The incidents occurred in the past decade, most of them between 2015 and 2017. Several educational institutions suffered at least two file-encrypting attacks over the past decade, one of them recording more than 40 since 2013.
Digital PR and SEO agency TopLine Comms on June 29 submitted an FOI request to 134 universities in the U.K., asking if they had recorded a ransomware attack, when it happened, if they paid a ransom or not, and what the amount was if they did pay.

University of Utah pays $450K ransom to stop leak of stolen data
Date: 2020-08-20
Author: Bleeping Computer

The University of Utah has paid a $457,000 ransomware to prevent threat actors from releasing files stolen during a ransomware attack.
Since the end of 2019, ransomware operators have started stealing unencrypted files before deploying their ransomware. The ransomware gang then threatens the victims by saying they will publicly leak the stolen files if a ransom is not paid.

ACT Education blocks student Gmail access after spam email storm
Date: 2020-08-14
Author: ITNews

ACT’s Education Directorate has blocked all public school students from accessing their Google email accounts after they were spammed en masse on Friday.
The spam campaign emerged on Friday afternoon with an undisclosed number of students receiving dozens of emails, resulting in a reply-all “email storm”.
iTnews understands some of the emails link to lewd websites and Instagram accounts, while other messages tried to solicit inappropriate images.

World’s largest cruise line operator Carnival hit by ransomware
Date: None
Author: Bleeping Computer

Cruise line operator Carnival Corporation has disclosed that one of their brands suffered a ransomware attack over the past weekend.
Carnival Corporation is the largest cruise operator in the world with over 150,000 employees and 13 million guests annually. The cruise line operates under the brands Carnival Cruise Line, Costa, P&O Australia, P&O Cruises, Princess Cruises, Holland American Line, AIDA, Cunard, and their ultra-luxury cruise line Seabourn.
In an 8-K form filed with the Securities and Exchange Commission, Carnival Corporation has disclosed that one of its brands suffered a ransomware attack on August 15th, 2020.
As part of the attack, Carnival states data was likely stolen and could lead to claims from those affected by the potential data breach.

ESB-2020.2832 – GitLab: Access confidential data – remote/unauthenticated

GitLab released new versions to fix a critical issue with deploy token access control, but owing to a packaging error, they didn’t contain the fix. A second set of versions was released soon after.

ESB-2020.2809 – Jenkins core and plugins: Multiple vulnerabilities

Sentences like these really show the complexity of software: “Jenkins […] does not escape the tooltip content of help icons. Tooltip values can be contributed by plugins, some of which use user-specified values. This results in a stored cross-site scripting (XSS) vulnerability.”

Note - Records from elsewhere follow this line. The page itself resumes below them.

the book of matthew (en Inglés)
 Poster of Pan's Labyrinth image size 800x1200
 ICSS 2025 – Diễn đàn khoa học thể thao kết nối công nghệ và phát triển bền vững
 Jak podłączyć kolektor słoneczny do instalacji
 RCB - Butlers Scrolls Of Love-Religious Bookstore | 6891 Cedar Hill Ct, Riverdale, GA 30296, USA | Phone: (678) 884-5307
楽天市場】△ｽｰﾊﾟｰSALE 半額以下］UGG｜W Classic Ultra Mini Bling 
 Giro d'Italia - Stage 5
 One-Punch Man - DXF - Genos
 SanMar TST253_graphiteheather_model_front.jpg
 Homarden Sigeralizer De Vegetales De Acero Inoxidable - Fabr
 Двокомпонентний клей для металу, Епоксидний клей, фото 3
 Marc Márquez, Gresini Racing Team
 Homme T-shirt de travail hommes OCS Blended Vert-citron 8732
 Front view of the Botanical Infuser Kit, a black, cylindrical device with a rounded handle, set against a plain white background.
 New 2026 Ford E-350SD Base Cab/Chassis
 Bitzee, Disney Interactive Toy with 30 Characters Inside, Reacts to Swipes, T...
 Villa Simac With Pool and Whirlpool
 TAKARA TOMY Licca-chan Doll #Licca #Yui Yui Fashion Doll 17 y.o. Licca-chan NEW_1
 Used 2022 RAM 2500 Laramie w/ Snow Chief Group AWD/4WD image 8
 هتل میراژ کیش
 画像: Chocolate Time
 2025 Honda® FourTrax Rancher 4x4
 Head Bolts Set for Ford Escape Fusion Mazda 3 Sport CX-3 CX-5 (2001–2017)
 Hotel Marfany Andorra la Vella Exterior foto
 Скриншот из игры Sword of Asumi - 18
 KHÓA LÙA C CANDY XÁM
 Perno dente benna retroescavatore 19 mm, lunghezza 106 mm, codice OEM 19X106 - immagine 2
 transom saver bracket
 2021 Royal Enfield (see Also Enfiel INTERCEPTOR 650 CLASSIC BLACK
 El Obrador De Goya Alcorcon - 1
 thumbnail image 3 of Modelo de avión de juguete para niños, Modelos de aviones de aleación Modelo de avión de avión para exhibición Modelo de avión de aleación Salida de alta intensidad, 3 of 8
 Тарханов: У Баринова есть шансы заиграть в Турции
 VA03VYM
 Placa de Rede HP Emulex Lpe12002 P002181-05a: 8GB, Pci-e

ESB-2020.2852 – Cisco vWAAS: Administrator compromise – remote/unauthenticated

“A vulnerability in vWAAS … could allow an unauthenticated, remote attacker to log into the CLI … by using accounts that have a default, static password.” Cisco have rooted out countless issues like these in recent years.

ESB-2020.2680.2 – Cisco AnyConnect for Windows: Multiple vulnerabilities

This was updated with Cisco’s advice that proof-of-concept exploit code has been published.

Stay safe, stay patched and have a good weekend!